Importance of the Fermi-surface topology to the superconducting state of the electron-doped pnictide Ba(Fe${}_{1-x}$Co${}_x$)${}_2$As${}_2$

We used angle-resolved photoemission spectroscopy and thermoelectric power to study the poorly explored, highly overdoped side of the phase diagram of Ba(Fe${}_{1-x}$Co${}_x$)${}_2$As${}_2$ high-temperature superconductor. Our data demonstrate that several Lifshitz transitions—topological changes of the Fermi surface—occur for large $x$. The central hole barrel changes to ellipsoids that are centered at $Z$ at $x\sim 0.11$ and subsequently disappear around $x\sim 0.2$; changes in thermoelectric power occur at similar $x$ values. $T_c$ decreases and goes to zero around $x\sim 0.15$—between the two Lifshitz transitions. Beyond $x=0.2$ the central pocket becomes electron-like and superconductivity does not exist. Our observations reveal the importance of the underlying Fermiology in electron-doped iron arsenides. We speculate that a likely necessary condition for superconductivity in these materials is the presence of the central hole pockets rather than nesting between central and corner pockets.

Figure 1

Fermi maps and band dispersion around the upper zone edge $Z$ of Ba(Fe${}_{1-x}$Co${}_x$)${}_2$As${}_2$ for $x=0.073$ (optimal doping), $x=0.166$ (edge of SC dome), and $x=0.42$. Upper row: Fermi mappings for the three doping levels, taken with incident photon energy $h\nu =35$ eV at temperature $T=20$ K. Red arrows show the exit slit direction of the hemispheric analyzer and the cutting direction of the band dispersion maps (lower row).

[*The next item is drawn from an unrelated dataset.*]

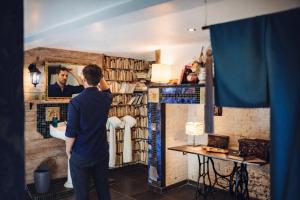 a man standing in a room getting his hair at Au2 Maison d'Hôtes - Guest House Au2 in Muidorge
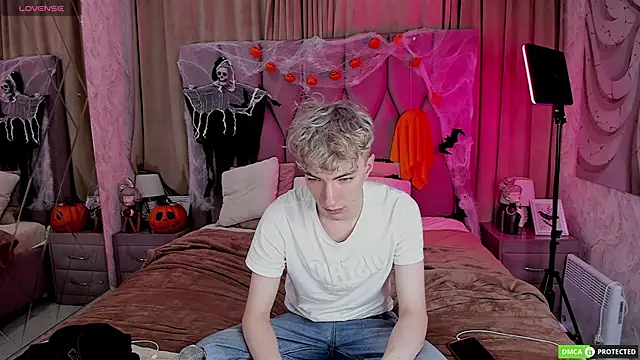 TrevorBenson online show from October 2025 03:21:02 AM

The same direction is also used in Fig. 2. Note that the $X$ points marked in these figures have slightly lower $k_z$ values than the $Z$ points.

Figure 2

Band location analysis for the Lifshitz transitions. (a)–(h): Band dispersion maps along the direction shown in Fig. 1 for eight different doping levels at $T=20$ K. All data are taken with 35-eV photons. The red vertical line marks $0.195<x_{2Z}<0.27$. (i) Energy distribution curve (EDC) at $Z$ for each doping level. (j) and (k) Evolution of binding energy for the top of the hole band and the bottom of the electron band at the zone center with respect to cobalt doping. $x_{2Z}$ and $x_{2\Gamma }$ are defined as the midpoint between the two doping levels at which the electron and hole band evolves above $\mu$. Data are extracted from ARPES intensity maps taken with (j) 35-eV and (k) 49-eV photons, corresponding to $k_z$ values of $Z$ and $\Gamma$, respectively. For $x>0.195$, data points in (k) are extracted from the EDC’s at (i) by fitting with two Lorentzian functions. For $x⩽0.195$, a parabolic function is fitted to the momentum distribution curve (MDC) peak positions of the outer hole band in (a)–(d) for extracting the top of the band above $\mu$. Raw data for extracting panel (k) are not shown.

Figure 3

Pocket size analysis for the Lifshitz transition at upper zone boundary $Z$. (a) $Z$-pocket extraction for eight doping levels, done by fitting the MDC’s at the chemical potential with several Lorenzian functions. Positions of hollow circles are symmetrized from experimental data points (solid circles), proposing the band positions where ARPES intensity is suppressed by the transition matrix element. (b) Evolution of $Z$-pocket area with cobalt doping. Green shaded area indicates the boundary of the SC dome. (c) Visualization of the Lifshitz transition. Data in (a) are plotted against the cobalt doping $x$ as a third dimension. Shaded areas are approximate size and shape of the pockets. Panels (b) and (c) show a Lifshitz transition at $x_{2Z}\sim 0.2$.

Figure 4

(a) Location of the known Lifshitz transitions in the phase diagram. $T_{\mathrm{N}}$ and $T_c$ data are taken from Refs. 1 and 8. Top insets show schematic Fermi surface topology in the $a$-$b$ and $a$-$c$ plane for each region in the phase diagram. (b) Thermoelectric power vs doping for four different temperatures.